Even though the podcasts aren't for class credit, Wheeler finds himself doing in-depth research to prepare each week. Even more, he's had to consider the way the three students are presenting their information, from engaging their listeners to coming off sounding respectable. "It's something that you learn when you go into politics," he says. "You have to learn how to gather your thoughts properly, speak properly. We're really focused now on trying to make the podcasts listenable." For him, it's been a learning experience all around. "My co-hosts and I typically have similar views, so I find myself having to play the role of representing the other side or different views," he says. "It's forced me to consider other views."
Michael Martinez-Mann was one of the first students on the DePaul Podcast Network. When he came to the university, he already had experience podcasting at his community college. He sat down with Rotenberg, who revealed the plan to launch a student podcast network. Since he was studying anthropology, he decided to start his own anthropology podcast. Since then, his role has evolved from podcasting his own shows to helping students capture and edit their creations. "I appreciate podcasting for what it is—the ability to narrowcast in such a free format," Martinez-Mann says. "There aren't any time constraints. Your podcast doesn't have to be an exact amount of time. You have carte blanche to change the format and grow your show." He also helps capture audio from guest speakers so that the programs can be broadcast to a wider audience. "It allows the rest of the department or the rest of campus to benefit from that," he says.
The DePaul Podcast Network is student-produced for students. But colleges and universities across the nation are producing their own, nonacademic podcasts for students to download. At the University of Arizona, students can access financial aid information online in a podcast. At iTunes universities, students can access information from student groups, the athletics department, or even university speakers.
Wheeler sees even more possibilities in the future. "There are plenty of things that I think are promising," he says. "Having students listening to podcasting is just another positive medium to expose them to news, politics, sports, or culture—whatever their interest is." He says he likes to see students producing podcasts from their studies abroad. "It's very hard to begin a conversation about your experience abroad," he says. "I think it would be great if students could podcast from a country, or when they get back, to podcast about their experiences." Wheeler adds, "The possibilities really are endless."

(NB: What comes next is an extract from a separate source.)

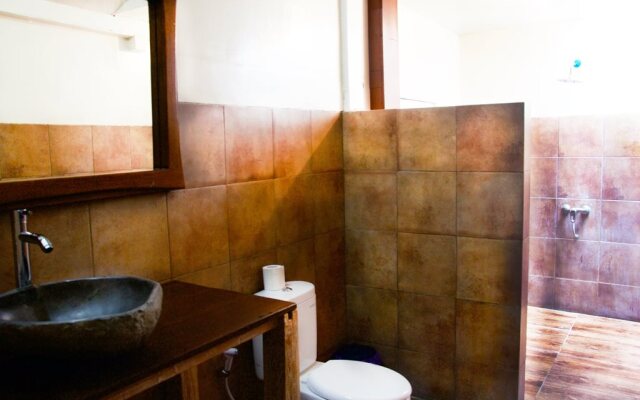 Full Moon 8 Bed & Breakfast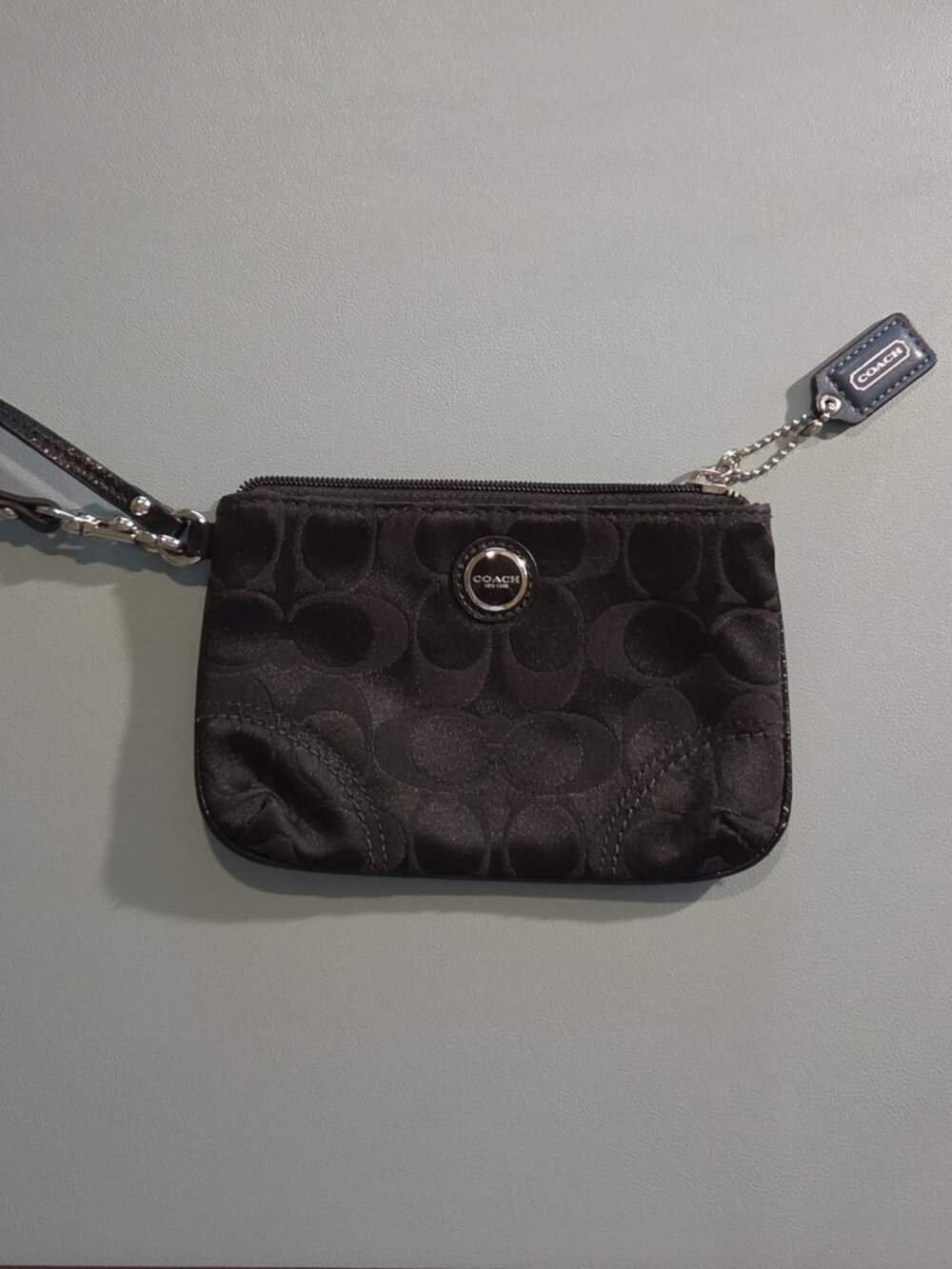 COACH Small Wristlet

If I Were in Charge: Tips for Faculty
When you ask most students what they think of their iPods, they immediately mention the benefits of mobility and small size. But when you ask them how they might incorporate podcasting into a course, they draw a blank. The most common answer is the most obvious: offering course lectures or instructors' notes as an audio or video download. The problem for most students is that downloading a course lecture is often their first foray into the technology.
The students who have taken courses with podcasting offer concrete advice to faculty who might consider adding the technology to the syllabus:
- Don't assume: Just because a student totes an iPod on campus doesn't mean that the student is podcast-savvy. "I don't even think I knew what a podcast was," says Sean Finnegan, a student in Mark Frydenberg's computer information systems class at Bentley College. Even for frequent downloaders, creating content might not come easily. Faculty should offer simple guidelines for downloading, playing, and creating content, either as an in-class exercise or as an online simulation.
- Keep it simple: When Frydenberg asked his students how many had actually been downloading his podcast lectures, they complained that the podcasts were too long. Students stress the need to keep audio and video concise and engaging. Even time spent "on the go" is valuable time. Larry Clemen complained that the podcasts in his Executive MBA program took too long—fifteen to twenty minutes—to download.
- Quality counts: A novice podcast listener can tell the difference between poor sound and sound that reflects even a small amount of attention to detail and quality. For students to value a podcast, they need to believe that the professor values it as well. Part of that comes from demonstrating a commitment to quality in recording. Daun Maier compares her reaction to a bad podcast to her reaction when an earbud on her iPod isn't working correctly. "It's completely annoying, and you're not hearing the music to the quality that you want," she says. But she also says that she truly valued the emphasis that her professor, Randall Dunham, placed on quality in the video podcasts that he delivered to class. "They were clear, and there were no distractions because of the equipment," she says. "Otherwise, I would have become frustrated, and I didn't at all."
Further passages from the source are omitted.